** DESCRIPTION OF THE TASK **
Nothing but the lines from the one with "Most cases Treated" through the end of the material should be retyped, word for word and without pictures.

----------

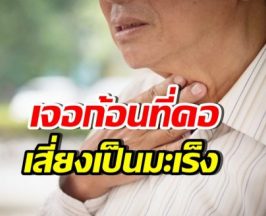 หมอเจด เตือน5ภาวะ คลำเจอก้อนที่คอ เสี่ยงเป็นมะเร็งไม่รู้ตัว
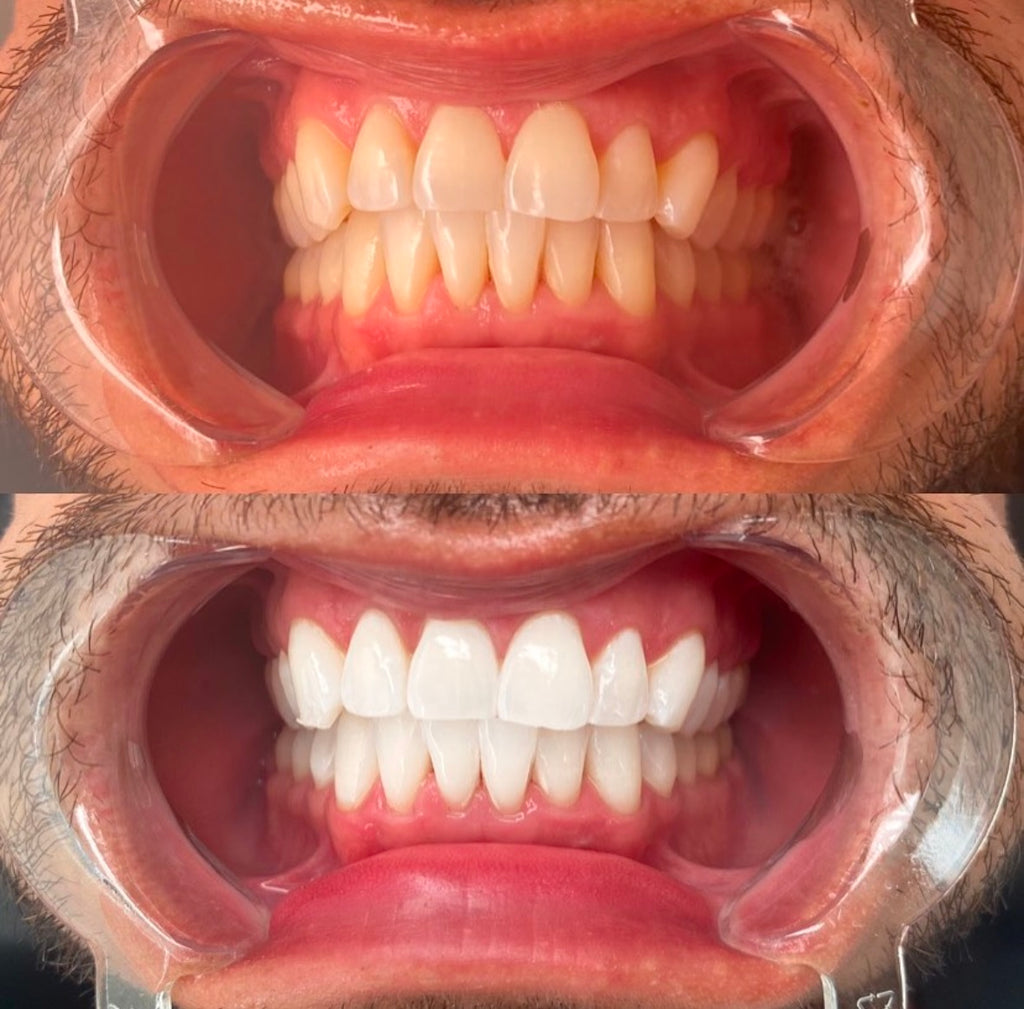1 Hour Teeth Whitening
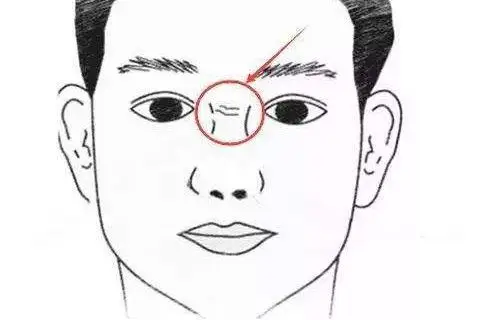详解鼻梁上有横纹的面相好坏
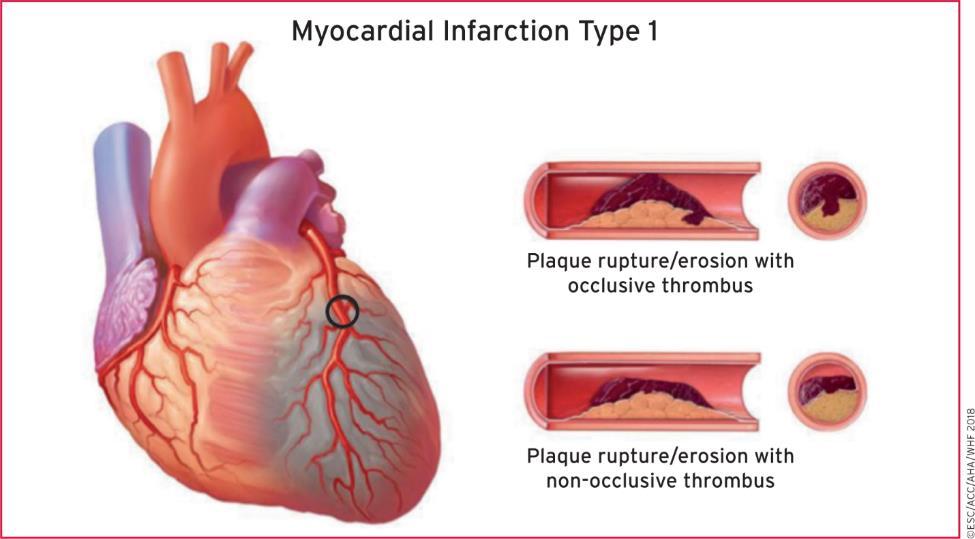 Most cases Treated with early PCI From: Fourth universal definition of myocardial infarction (2018) Eur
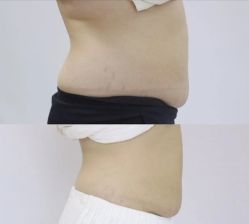 -MOE BEAUTY.皮肤管理中心
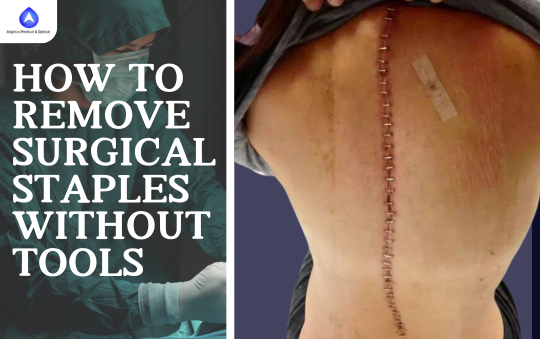 How to Remove Surgical Staples Without Tool: Safe Tips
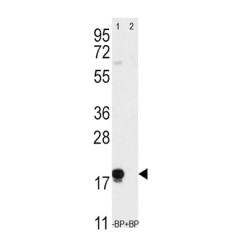 Thy-1 Membrane Glycoprotein (THY1) Antibody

----------

** RESULT **
 Most cases Treated with early PCI From: Fourth universal definition of myocardial infarction (2018) Eur
 -MOE BEAUTY.皮肤管理中心
 How to Remove Surgical Staples Without Tool: Safe Tips
 Thy-1 Membrane Glycoprotein (THY1) Antibody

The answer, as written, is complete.